━━━━━ The records
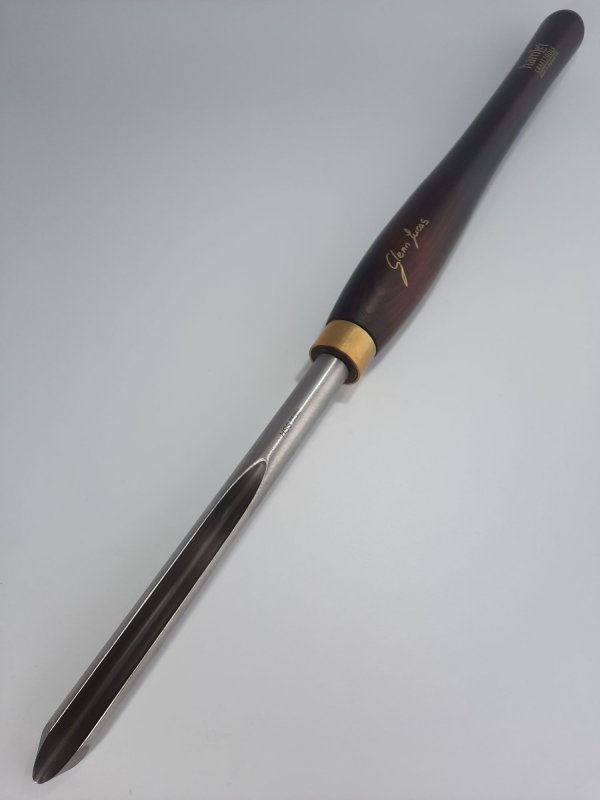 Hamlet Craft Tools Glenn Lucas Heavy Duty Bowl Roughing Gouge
━━━━━━━━━━
━━━━━ The records
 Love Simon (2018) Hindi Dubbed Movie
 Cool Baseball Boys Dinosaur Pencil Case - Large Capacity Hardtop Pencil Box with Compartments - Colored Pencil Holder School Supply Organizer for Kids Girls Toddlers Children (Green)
━━━━━━━━━━
*Task directions*
Write down, word for word, the lines above from the one containing "Love Simon (2018) Hindi Dubbed Movie" through the one containing "Cool Baseball Boys", both ends included.

*Result of this task*
 Love Simon (2018) Hindi Dubbed Movie
 Cool Baseball Boys Dinosaur Pencil Case - Large Capacity Hardtop Pencil Box with Compartments - Colored Pencil Holder School Supply Organizer for Kids Girls Toddlers Children (Green)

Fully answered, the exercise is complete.